At least, it was respectable and defensible until the neocons invited themselves into the discussion.  Their contribution—and this is what lent the Lott episode a significance beyond that of the ordinary cut and thrust of day-to-day politics—was to assist the left in delegitimizing the respectable and defensible conservatism that seeks to protect and defend a particular civilization and people.  What neither the Democratic Party, the Reverends Jackson and Sharpton, the Washington Post, nor anyone else in the panoply of the left could accomplish, the neoconservatives were able to complete—because they had already established themselves, with the help of the left, as the legitimate voice of the permissible right.

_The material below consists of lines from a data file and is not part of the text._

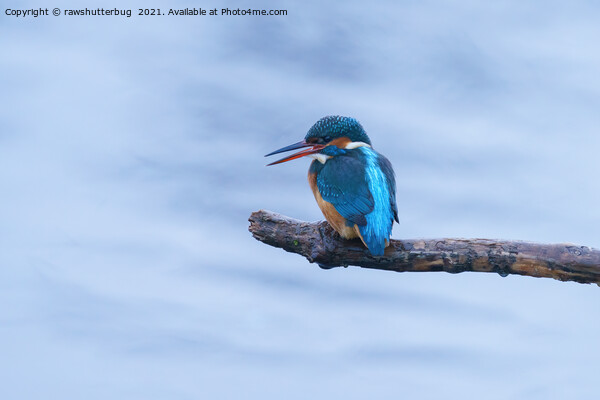 Female Kingfisher On A Perch Picture Board by rawshutterbug 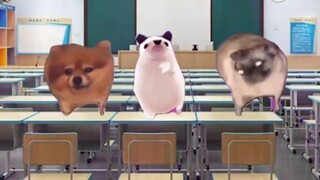 Berbagai orang dalam sepuluh menit antar kelas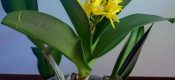 Dendrobium speciosum
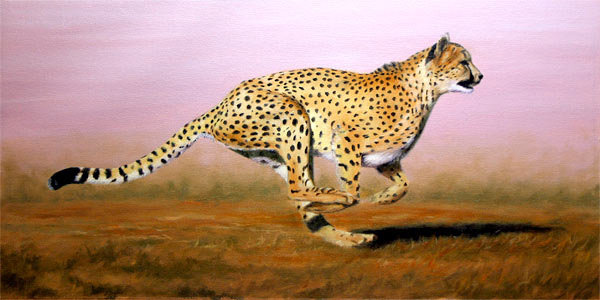 Yeryzndeki en hzl memeli; ita, ksa mesafede en fazla saatte 100 km&#8217;lik hzn srdrebilir. 8 yandaki Sarah 10 Eyll 2009 tarihinde Amerika&#8217;nn Cinnati hayvanat bahesinde dizayn edilmi yolda 100 metreyi 6,13 saniyede kotu. Sarah izgiyi getiinde o yolun yarsn bitirmi olurdu.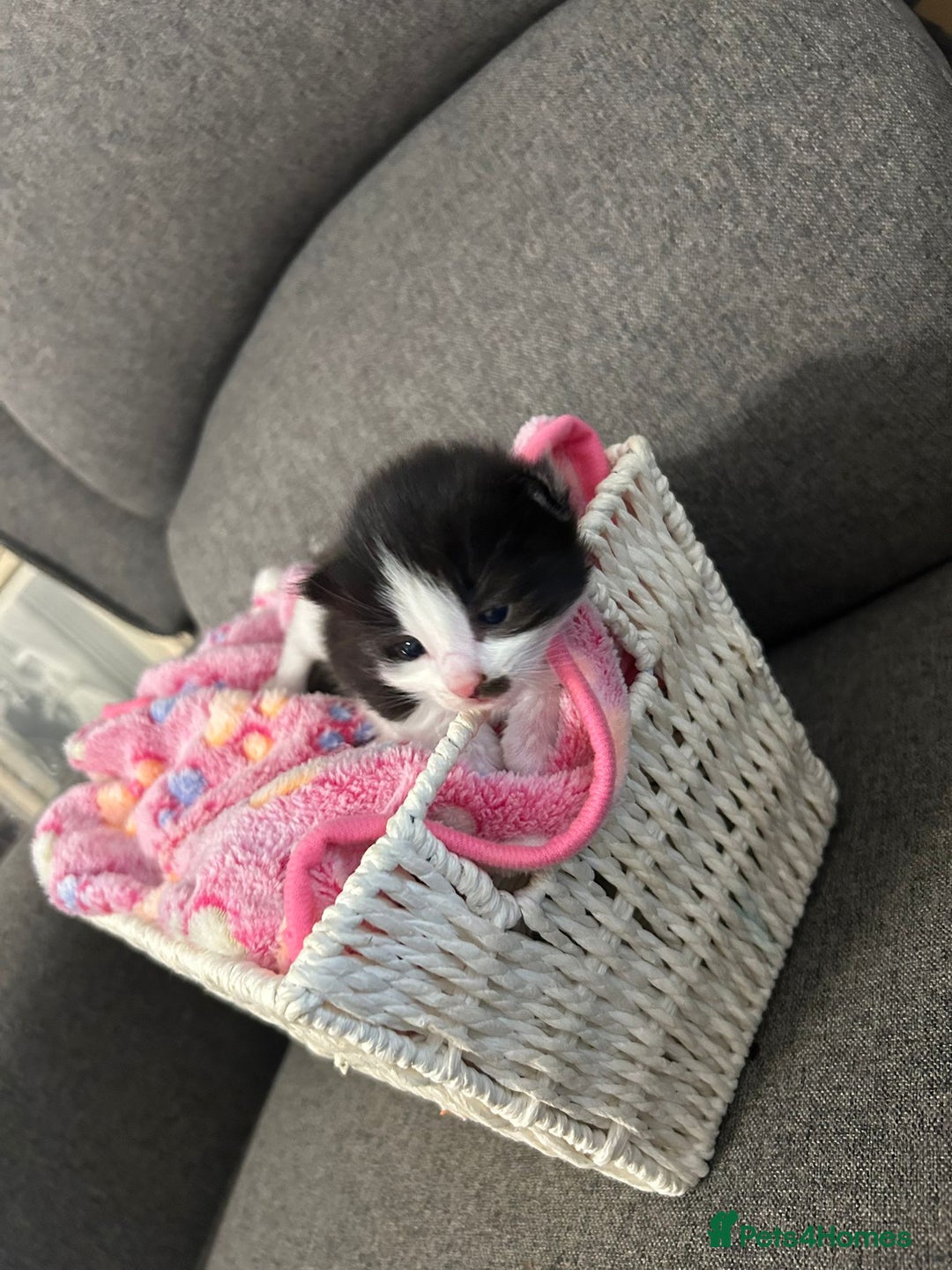 Mixed Breed cats for sale: Beautiful kittens 3 girls 1 boy  - Image 17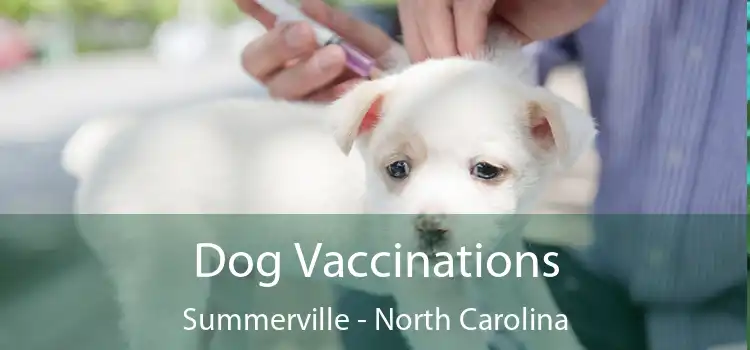 Dog Vaccinations Summerville - North Carolina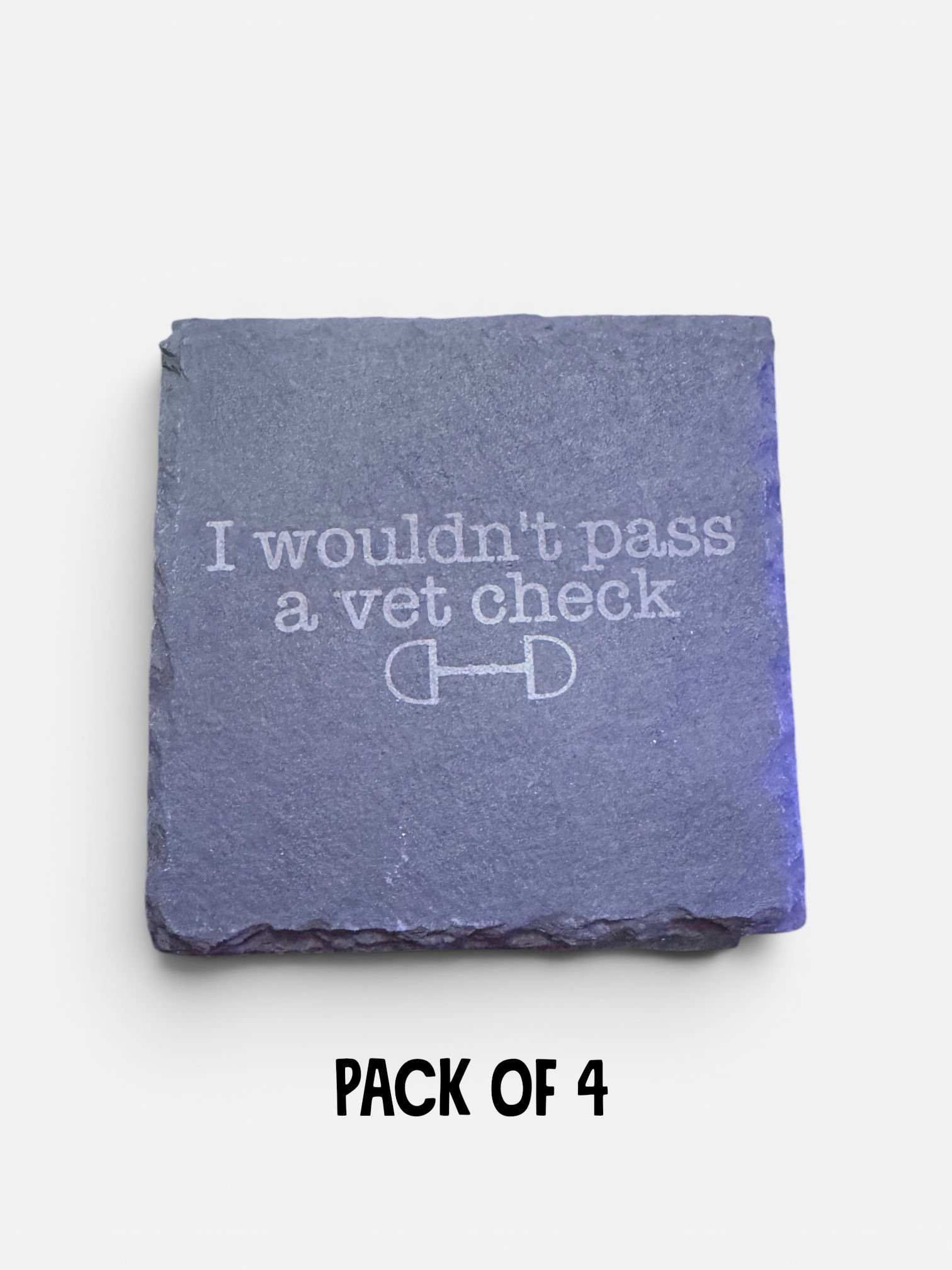 I Wouldn't Pass a Vet Check Coaster Set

It is likely that the long-term effect of the Lott episode—even more than the Republicans’ abandonment of the “Southern strategy” (denounced by Bill Kristol in the wake of the Lott affair) or their pretended adoption of the “Hispanic strategy”—will be to push the party even further to the left on race, immigration, and “civil rights.”  As the dominant voice of the right, the neoconservatives have shown that they will not hesitate to destroy a senior conservative Republican leader if he deviates from their ideological preferences and premises on such issues and that there can be no media and, therefore, no significant political support for such a leader.  The neoconservatives now define what is and what is not respectable and defensible conservatism, and their definition does not include the voting record of Mr. Lott—or of Barry Goldwater, Jesse Helms, Strom Thurmond, and most other conservatives.  At the present, there is no significant political force in American politics able to challenge their claim that they are the only legitimate expression of the political right.  Maybe it is time somebody started just such an alternative force.